Wijaya Kevin Tirta, Ansari Navid, Seidel Hans-Peter, Babaei Vahid
Max Planck Institute for Informatics, Saarland Informatic Campus, 66123, Saarbruecken, Germany.
Adv Sci (Weinh). 2025 Jul;12(27):e2416356. doi: 10.1002/advs.202416356. Epub 2025 May 8.
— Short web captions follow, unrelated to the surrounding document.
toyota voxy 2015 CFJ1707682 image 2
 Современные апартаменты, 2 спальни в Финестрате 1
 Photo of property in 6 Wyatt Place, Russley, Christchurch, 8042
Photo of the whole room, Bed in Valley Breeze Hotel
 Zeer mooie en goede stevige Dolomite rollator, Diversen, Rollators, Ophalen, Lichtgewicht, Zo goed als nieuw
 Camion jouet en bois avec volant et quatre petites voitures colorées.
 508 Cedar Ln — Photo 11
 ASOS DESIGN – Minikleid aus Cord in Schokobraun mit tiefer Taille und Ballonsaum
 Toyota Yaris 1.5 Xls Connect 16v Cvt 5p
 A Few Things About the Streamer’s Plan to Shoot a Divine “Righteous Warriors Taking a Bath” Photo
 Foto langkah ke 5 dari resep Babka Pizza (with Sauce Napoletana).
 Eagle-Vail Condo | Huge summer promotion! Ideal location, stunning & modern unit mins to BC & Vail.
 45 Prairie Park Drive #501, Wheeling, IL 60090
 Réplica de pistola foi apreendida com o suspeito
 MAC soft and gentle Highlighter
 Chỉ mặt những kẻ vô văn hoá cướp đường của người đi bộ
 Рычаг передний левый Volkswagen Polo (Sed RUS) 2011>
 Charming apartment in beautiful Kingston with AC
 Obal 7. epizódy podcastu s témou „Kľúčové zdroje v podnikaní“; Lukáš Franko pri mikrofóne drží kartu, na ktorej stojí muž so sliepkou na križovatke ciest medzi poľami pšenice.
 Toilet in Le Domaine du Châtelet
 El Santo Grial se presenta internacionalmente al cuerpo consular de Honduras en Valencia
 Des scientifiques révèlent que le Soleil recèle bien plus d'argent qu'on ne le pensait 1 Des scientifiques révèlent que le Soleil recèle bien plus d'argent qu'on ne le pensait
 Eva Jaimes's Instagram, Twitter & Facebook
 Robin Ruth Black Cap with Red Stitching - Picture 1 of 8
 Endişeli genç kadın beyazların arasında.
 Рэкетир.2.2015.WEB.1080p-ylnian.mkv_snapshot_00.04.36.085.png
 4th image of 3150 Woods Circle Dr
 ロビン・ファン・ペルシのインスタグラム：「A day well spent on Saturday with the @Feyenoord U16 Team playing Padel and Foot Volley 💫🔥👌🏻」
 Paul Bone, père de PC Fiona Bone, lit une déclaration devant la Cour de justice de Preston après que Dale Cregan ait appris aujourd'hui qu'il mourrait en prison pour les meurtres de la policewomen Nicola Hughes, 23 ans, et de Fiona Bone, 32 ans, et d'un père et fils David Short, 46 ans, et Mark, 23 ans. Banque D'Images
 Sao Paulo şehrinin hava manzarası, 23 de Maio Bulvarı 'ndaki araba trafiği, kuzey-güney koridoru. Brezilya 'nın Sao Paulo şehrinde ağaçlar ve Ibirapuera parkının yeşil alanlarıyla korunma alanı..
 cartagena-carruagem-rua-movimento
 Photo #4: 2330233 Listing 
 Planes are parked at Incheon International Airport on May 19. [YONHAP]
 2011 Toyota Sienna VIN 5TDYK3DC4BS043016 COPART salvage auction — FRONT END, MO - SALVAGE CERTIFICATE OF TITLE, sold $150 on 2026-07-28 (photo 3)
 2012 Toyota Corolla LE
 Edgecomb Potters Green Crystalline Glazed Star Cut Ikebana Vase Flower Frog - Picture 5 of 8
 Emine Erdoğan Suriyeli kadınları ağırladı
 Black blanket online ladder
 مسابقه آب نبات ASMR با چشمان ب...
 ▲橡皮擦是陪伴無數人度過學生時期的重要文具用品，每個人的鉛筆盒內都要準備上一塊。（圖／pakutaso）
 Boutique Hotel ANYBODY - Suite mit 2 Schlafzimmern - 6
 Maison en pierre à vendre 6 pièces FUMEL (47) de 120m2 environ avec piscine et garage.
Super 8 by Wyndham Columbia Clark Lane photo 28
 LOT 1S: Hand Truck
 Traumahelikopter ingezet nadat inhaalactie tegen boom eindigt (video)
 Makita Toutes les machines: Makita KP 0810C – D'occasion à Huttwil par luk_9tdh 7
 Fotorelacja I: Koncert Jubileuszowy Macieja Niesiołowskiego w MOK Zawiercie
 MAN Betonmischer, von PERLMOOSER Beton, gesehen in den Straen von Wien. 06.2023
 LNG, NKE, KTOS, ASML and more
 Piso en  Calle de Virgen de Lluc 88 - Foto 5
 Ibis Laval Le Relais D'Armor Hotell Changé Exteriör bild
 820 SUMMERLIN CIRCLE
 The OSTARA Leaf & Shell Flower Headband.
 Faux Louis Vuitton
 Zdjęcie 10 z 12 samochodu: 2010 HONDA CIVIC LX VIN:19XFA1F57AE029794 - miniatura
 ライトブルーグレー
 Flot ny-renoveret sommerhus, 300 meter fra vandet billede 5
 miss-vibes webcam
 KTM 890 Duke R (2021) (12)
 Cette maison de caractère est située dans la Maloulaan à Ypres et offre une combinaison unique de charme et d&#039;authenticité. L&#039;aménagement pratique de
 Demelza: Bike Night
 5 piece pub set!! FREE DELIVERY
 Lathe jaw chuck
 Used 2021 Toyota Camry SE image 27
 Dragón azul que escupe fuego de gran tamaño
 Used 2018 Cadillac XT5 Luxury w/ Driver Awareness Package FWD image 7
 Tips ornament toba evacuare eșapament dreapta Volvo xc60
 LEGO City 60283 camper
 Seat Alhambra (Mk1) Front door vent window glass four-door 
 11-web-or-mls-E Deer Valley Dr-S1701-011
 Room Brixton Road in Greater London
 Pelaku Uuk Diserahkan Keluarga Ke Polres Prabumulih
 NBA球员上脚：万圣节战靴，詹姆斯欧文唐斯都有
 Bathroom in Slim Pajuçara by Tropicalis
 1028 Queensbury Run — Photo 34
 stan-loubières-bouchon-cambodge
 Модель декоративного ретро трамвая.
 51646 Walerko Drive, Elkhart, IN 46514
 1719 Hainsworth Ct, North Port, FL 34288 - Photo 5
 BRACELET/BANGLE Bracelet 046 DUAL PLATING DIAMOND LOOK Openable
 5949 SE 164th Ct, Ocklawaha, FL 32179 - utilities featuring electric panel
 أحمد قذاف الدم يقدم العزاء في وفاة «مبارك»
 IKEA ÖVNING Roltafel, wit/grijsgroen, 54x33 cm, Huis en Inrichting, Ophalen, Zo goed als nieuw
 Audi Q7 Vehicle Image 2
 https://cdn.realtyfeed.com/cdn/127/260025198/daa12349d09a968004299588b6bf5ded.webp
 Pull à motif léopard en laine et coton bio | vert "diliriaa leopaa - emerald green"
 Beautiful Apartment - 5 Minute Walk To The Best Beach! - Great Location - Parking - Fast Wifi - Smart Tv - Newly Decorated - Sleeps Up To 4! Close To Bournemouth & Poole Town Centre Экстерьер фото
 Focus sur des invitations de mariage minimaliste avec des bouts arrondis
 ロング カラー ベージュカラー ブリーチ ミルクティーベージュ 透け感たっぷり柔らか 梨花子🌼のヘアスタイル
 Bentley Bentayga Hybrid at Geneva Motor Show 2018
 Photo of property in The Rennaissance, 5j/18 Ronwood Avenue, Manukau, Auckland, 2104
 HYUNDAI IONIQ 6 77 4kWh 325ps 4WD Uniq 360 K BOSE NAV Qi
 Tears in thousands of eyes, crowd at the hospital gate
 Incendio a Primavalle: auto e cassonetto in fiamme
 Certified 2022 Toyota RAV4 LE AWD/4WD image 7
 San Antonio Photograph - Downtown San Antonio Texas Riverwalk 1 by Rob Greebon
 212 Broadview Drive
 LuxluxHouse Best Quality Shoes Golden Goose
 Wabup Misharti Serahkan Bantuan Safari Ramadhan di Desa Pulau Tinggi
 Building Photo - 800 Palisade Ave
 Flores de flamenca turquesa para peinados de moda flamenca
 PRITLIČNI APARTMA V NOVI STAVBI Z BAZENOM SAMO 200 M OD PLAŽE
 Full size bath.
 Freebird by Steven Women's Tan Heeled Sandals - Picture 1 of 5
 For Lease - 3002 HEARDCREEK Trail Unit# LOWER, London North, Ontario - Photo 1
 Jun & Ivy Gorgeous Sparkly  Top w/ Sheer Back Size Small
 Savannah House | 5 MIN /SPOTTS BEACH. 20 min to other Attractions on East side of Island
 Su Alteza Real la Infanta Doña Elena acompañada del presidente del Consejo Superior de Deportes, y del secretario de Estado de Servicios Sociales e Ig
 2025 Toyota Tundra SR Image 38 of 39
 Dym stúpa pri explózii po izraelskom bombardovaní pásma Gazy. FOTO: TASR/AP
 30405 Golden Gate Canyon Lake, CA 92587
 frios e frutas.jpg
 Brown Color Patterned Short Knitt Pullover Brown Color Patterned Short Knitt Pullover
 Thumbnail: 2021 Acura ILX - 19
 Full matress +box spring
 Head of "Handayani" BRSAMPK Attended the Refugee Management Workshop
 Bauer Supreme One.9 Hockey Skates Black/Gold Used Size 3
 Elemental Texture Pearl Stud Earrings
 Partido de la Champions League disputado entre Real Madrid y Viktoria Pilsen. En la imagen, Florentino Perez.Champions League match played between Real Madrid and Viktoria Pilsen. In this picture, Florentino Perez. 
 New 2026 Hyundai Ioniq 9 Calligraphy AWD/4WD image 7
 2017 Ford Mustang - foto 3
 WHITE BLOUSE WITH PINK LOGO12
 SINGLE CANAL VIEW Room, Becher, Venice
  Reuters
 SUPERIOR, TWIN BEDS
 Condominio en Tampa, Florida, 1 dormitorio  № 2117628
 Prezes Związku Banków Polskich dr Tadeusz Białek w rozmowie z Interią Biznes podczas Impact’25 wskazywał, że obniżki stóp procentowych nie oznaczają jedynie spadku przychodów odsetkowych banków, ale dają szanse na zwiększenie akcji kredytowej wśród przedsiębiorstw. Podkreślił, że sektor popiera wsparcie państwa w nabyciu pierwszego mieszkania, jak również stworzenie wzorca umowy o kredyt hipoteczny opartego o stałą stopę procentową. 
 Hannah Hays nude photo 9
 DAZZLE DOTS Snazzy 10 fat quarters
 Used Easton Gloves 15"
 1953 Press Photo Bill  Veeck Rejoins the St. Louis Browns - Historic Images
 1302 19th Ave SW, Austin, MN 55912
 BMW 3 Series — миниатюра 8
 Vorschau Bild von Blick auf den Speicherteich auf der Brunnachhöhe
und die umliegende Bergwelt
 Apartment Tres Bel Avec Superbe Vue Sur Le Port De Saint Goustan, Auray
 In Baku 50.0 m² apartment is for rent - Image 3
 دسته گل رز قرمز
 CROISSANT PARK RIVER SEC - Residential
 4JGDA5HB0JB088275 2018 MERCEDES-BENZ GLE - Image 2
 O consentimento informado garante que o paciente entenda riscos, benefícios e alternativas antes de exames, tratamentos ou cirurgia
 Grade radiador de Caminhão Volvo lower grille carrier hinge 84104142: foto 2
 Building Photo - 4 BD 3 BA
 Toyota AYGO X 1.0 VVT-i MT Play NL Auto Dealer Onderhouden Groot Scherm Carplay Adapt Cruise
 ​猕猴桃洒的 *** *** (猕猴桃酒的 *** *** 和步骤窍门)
Data-driven inverse molecular design (IMD) has attracted significant attention in recent years. Despite the remarkable progress, existing IMD methods lag behind in terms of trustworthiness, as indicated by their misalignment to the ground-truth function that models the molecular dynamics. Here, TrustMol, an IMD method built to be trustworthy is proposed by inverting a reliable molecular property predictor. TrustMol first constructs a latent space with a novel variational autoencoder (VAE) and trains an ensemble of property predictors to learn the mapping from the latent space to the property space. The training samples for the ensemble are obtained from a new reacquisition method to ensure that the samples are representative of the latent space. To generate a desired molecule, TrustMol optimizes a latent design by minimizing both the predictive error and the uncertainty quantified by the ensemble. As a result, TrustMol achieves state-of-the-art performance in terms of IMD accuracy, and more importantly, it is aligned with the ground-truth function that indicates trustworthiness.
近年来,数据驱动的逆分子设计(IMD)引起了广泛关注。尽管取得了显著进展,但现有的IMD方法在可信度方面仍存在不足,这体现在它们与模拟分子动力学的真实函数不一致。在此,通过反转可靠的分子性质预测器,提出了一种值得信赖的IMD方法TrustMol。TrustMol首先用一种新颖的变分自编码器(VAE)构建一个潜在空间,并训练一组性质预测器来学习从潜在空间到性质空间的映射。该组的训练样本通过一种新的重新采集方法获得,以确保样本能够代表潜在空间。为了生成所需的分子,TrustMol通过最小化预测误差和由该组量化的不确定性来优化潜在设计。结果,TrustMol在IMD准确性方面达到了当前的最佳性能,更重要的是,它与表明可信度的真实函数一致。